My another humble point is that the government does not run on bank guarantees but then the government cannot run by butchering the Small & Medium Enterprises & killing the spirit of entrepreneurship in this country. These small & medium enterprises are single man show on whose many families depend. Therefore, their cases need to be dealt with in proper manner & legal remedies legitimately administered. The point of limitation & ratio of decisions are not long winding arguments, which cannot be considered at the stay application stage. These are sure shot reliefs in terms of the law which need serious consideration. The backbone of the Indian industry is really the small & medium enterprises; therefore nurturing them is a serious responsibility of the government through proper administration of justice.

If the government or Ministry of Finance does not provide the right number of benches in spite of the highest pendency in Mumbai & in spite of appeals filed in the year 2003 being heard as on date then how can the appellants be made to bear the brunt of coughing the 100% of the deposits & when appeals will take 6-8 years to be heard. Can this be termed as justice or daylight robbery? Yes, the judges are human beings & they will be tired at the end of the day hearing people day after day but then it is the prime responsibility of the government that such a state of affairs does not prevail & the conclusions are not rushed, which result in the miscarriage of justice.

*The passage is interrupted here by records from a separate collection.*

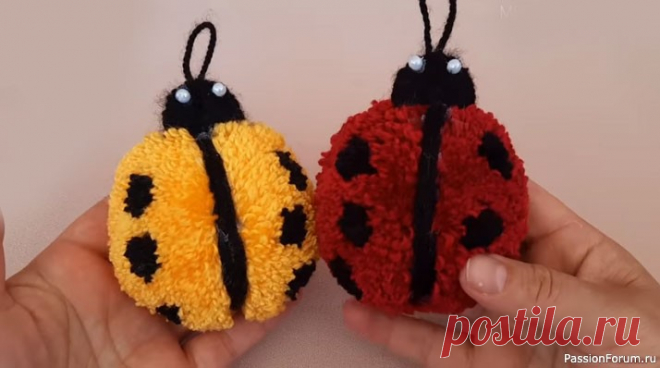 Делаем божью коровку из пряжи. Видео МК | Разнообразные игрушки ручной работы 
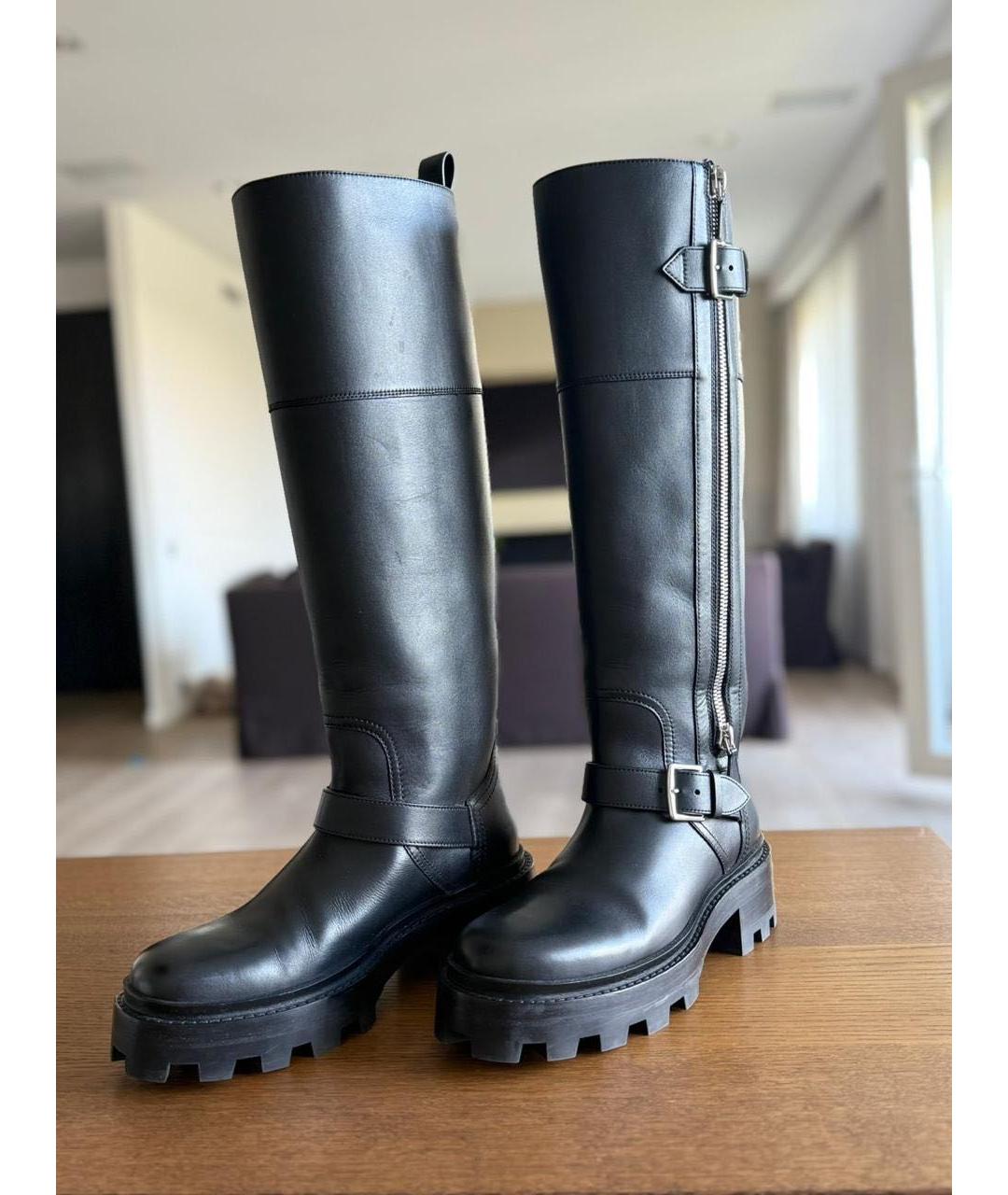 HERMES Черные кожаные сапоги, фото 2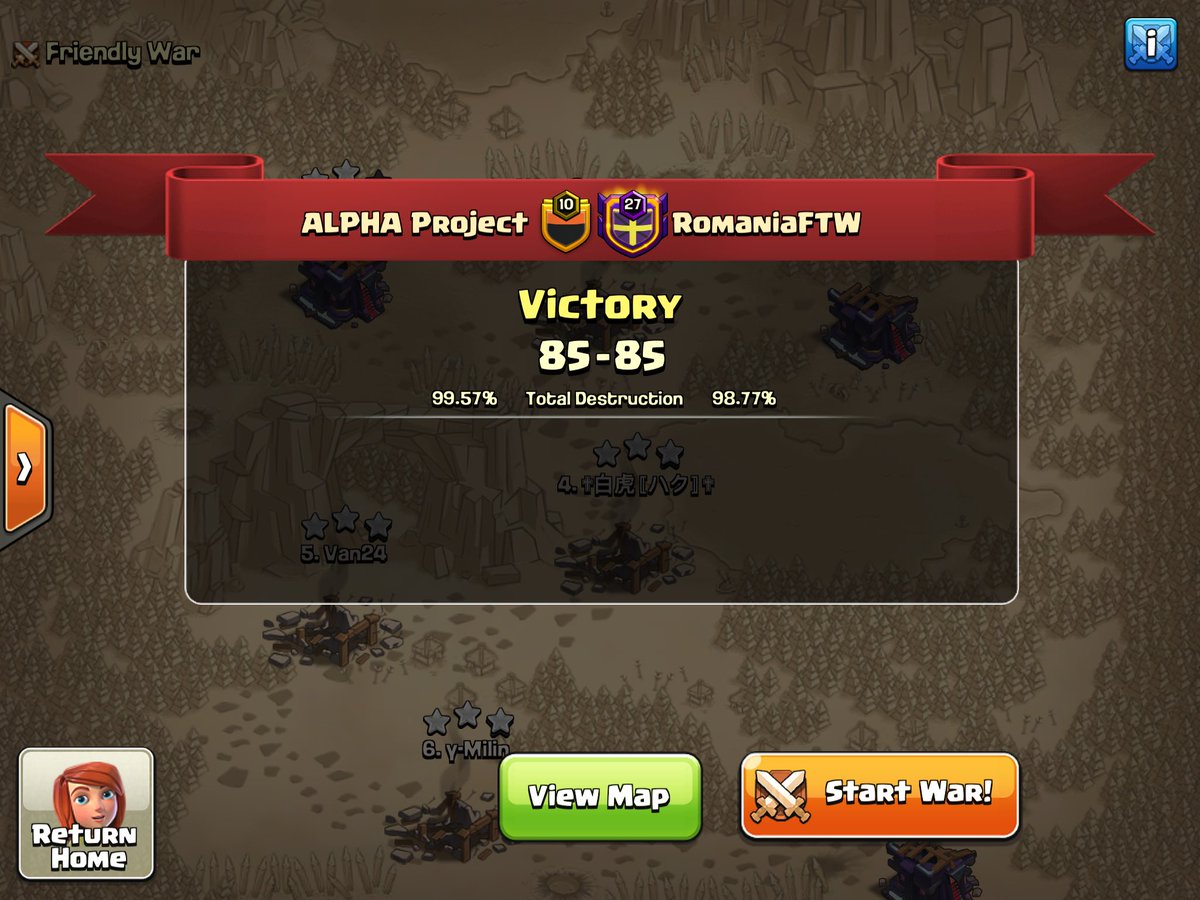 ALPHA Project (@alphaprojectc) on Twitter photo WCL Flight
Week 9
Closing the regular season off in <a href="/wcl_warriors/">WARRIORS CHAMPIONS LEAGUE</a> against <a href="/RomaniaFTW_CoC/">RomaniaFTW</a> with a terrible performance narrowly clutching the W. Anyways, finishing off with an overall record of 7-0-1 isn’t too bad . Time to get serious for playoffs😎.
#ALPHAModeON
#GameOn WCL Flight
Week 9
Closing the regular season off in <a href="/wcl_warriors/">WARRIORS CHAMPIONS LEAGUE</a> against <a href="/RomaniaFTW_CoC/">RomaniaFTW</a> with a terrible performance narrowly clutching the W. Anyways, finishing off with an overall record of 7-0-1 isn’t too bad . Time to get serious for playoffs😎.
#ALPHAModeON
#GameOn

The CHA s carry out the work in the customs department & many a times, CHA licences are suspended on frivolous grounds by over-zealous commissioners. Now, it is a question of livelihood for the CHA but then with the stay being not allowed & the pendency being high, how do you survive even if you have committed no wrong. Therefore, the golden rule is that no CHA should dare the Customs at any point of time whether the Customs department is right or wrong. Where do you find justice in this system!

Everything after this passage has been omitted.